▶ _Instructions to follow_:
Write out again, unchanged, the line that has "551-59023 Steering Gear/rack" and each following line through the end of the entries below; leave pictures out.

▶ _Exercise materials_:
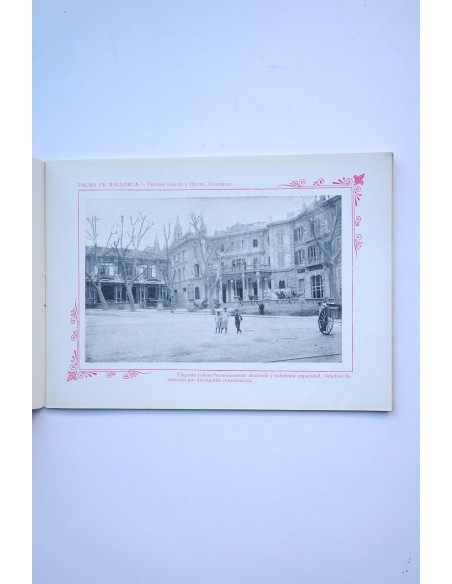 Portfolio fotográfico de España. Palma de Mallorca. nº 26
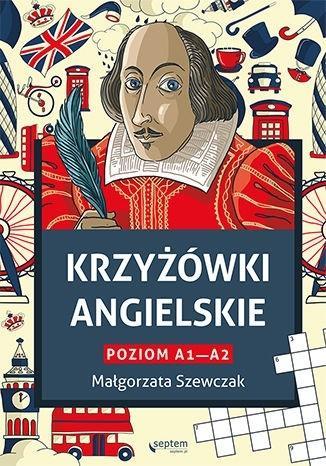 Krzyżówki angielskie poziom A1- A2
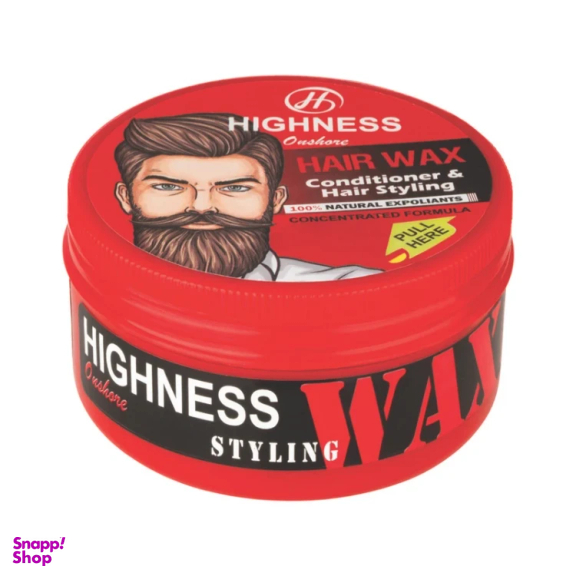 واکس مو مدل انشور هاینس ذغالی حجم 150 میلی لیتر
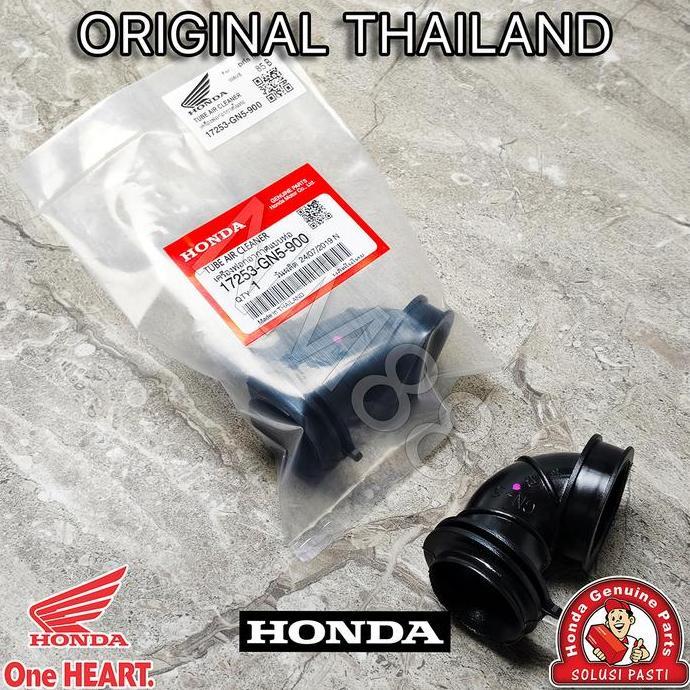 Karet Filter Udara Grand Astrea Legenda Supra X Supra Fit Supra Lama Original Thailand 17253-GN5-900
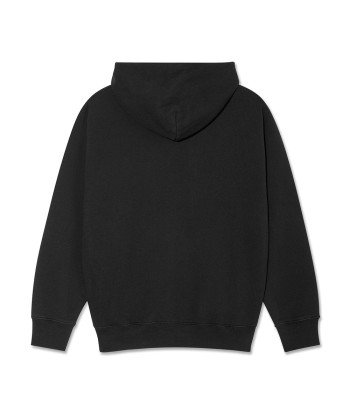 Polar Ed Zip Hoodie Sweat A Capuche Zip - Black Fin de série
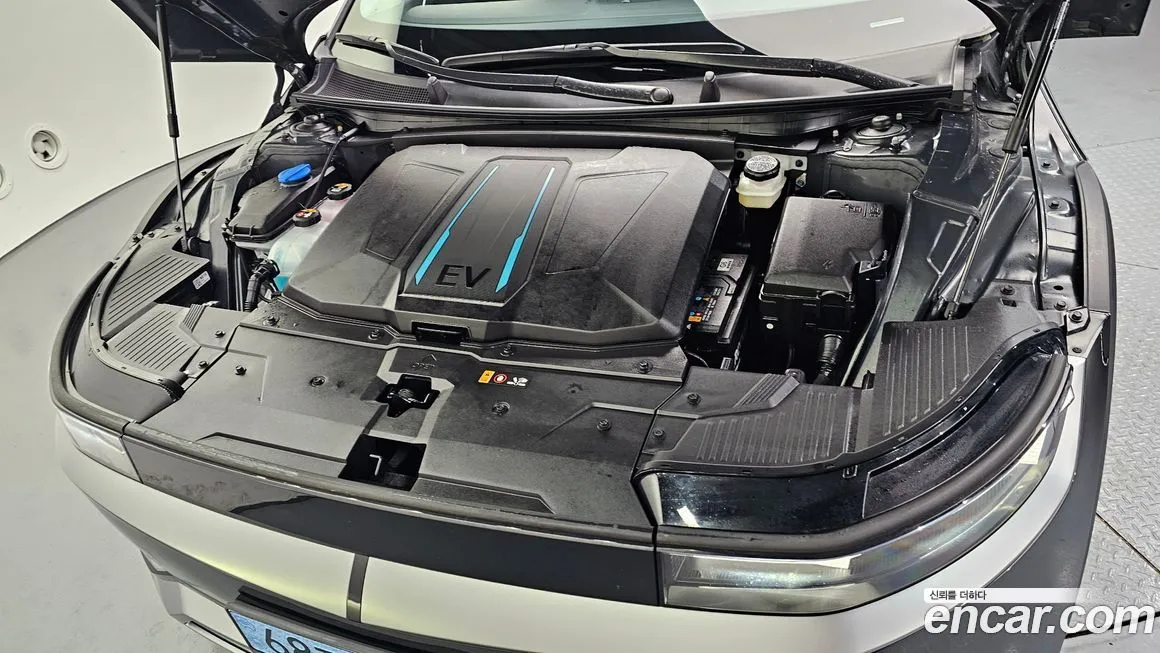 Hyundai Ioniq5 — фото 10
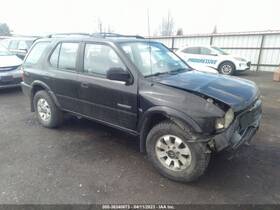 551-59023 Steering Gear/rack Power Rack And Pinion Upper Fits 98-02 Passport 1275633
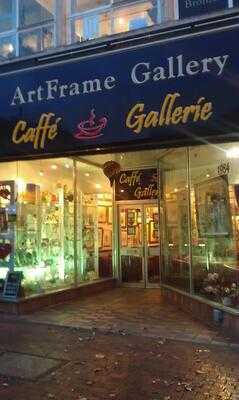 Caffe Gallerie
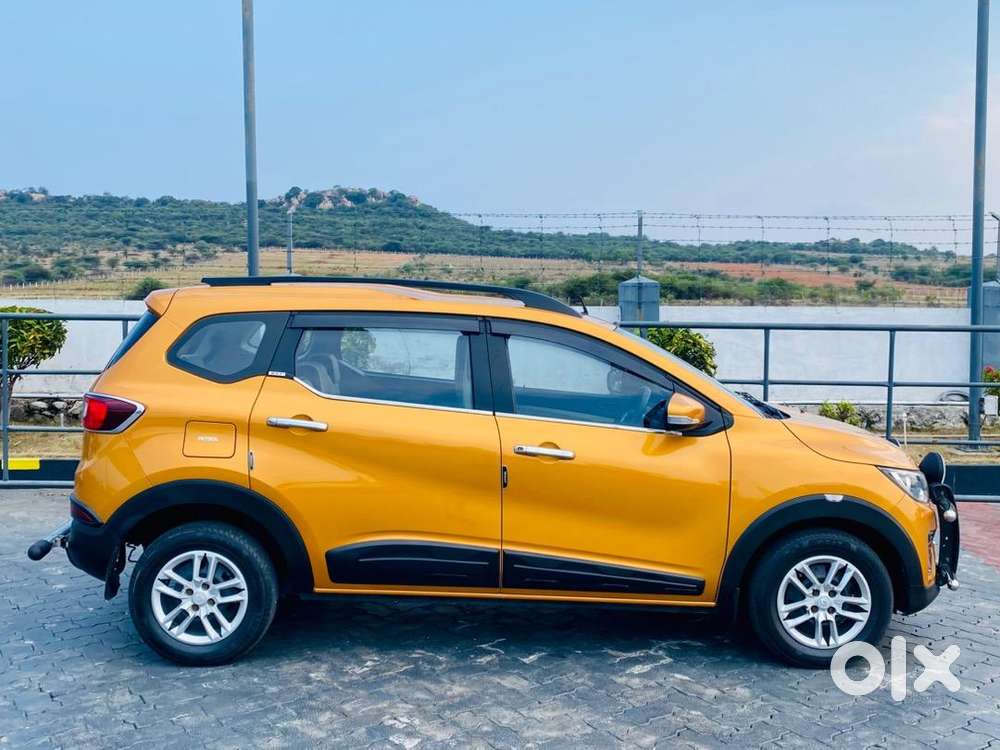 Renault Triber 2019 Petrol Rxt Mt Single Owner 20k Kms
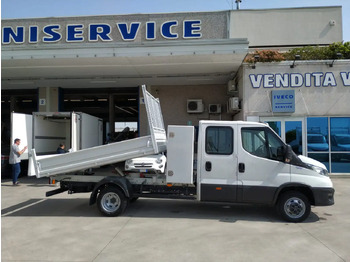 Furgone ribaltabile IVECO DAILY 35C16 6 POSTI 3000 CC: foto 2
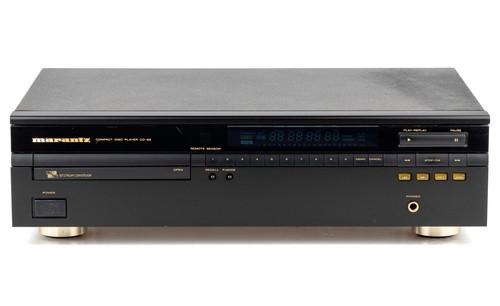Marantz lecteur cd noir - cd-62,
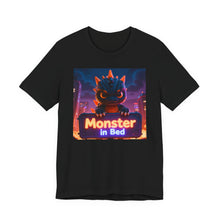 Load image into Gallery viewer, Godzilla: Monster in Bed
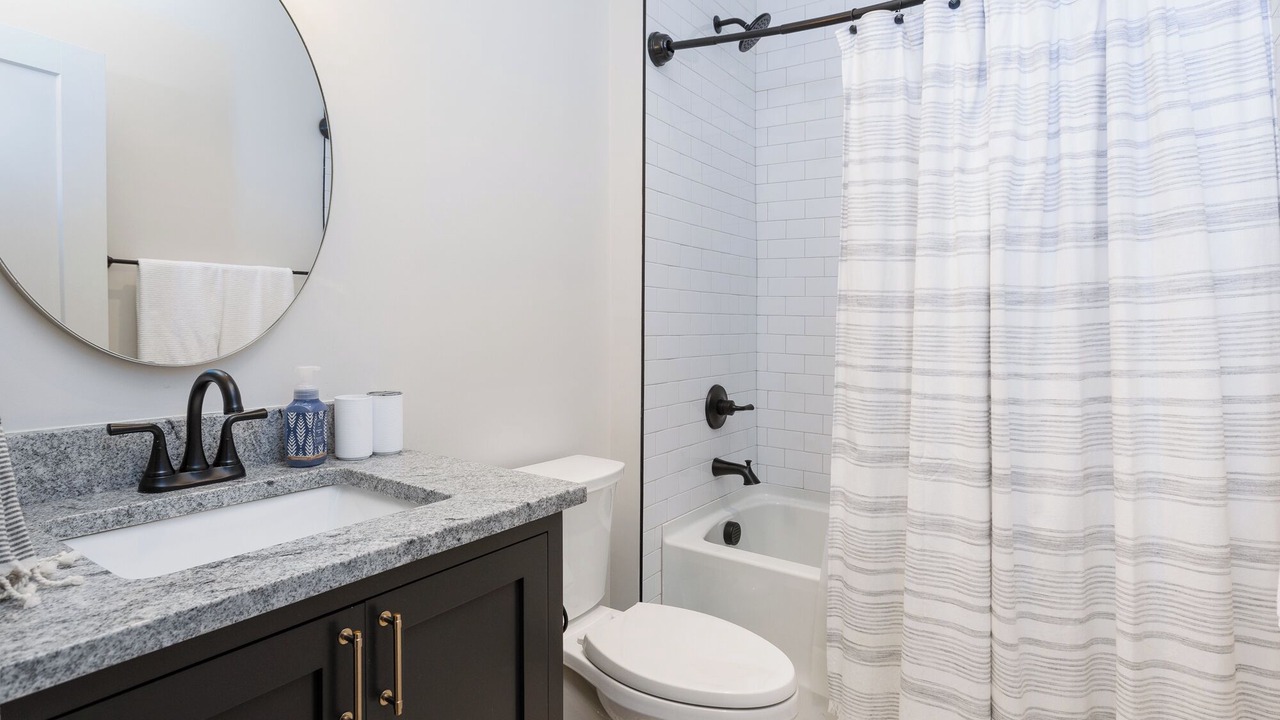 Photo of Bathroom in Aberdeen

▶ _Worked solution_:
 551-59023 Steering Gear/rack Power Rack And Pinion Upper Fits 98-02 Passport 1275633
 Caffe Gallerie
 Renault Triber 2019 Petrol Rxt Mt Single Owner 20k Kms
 Furgone ribaltabile IVECO DAILY 35C16 6 POSTI 3000 CC: foto 2
Marantz lecteur cd noir - cd-62,
 Load image into Gallery viewer, Godzilla: Monster in Bed
 Photo of Bathroom in Aberdeen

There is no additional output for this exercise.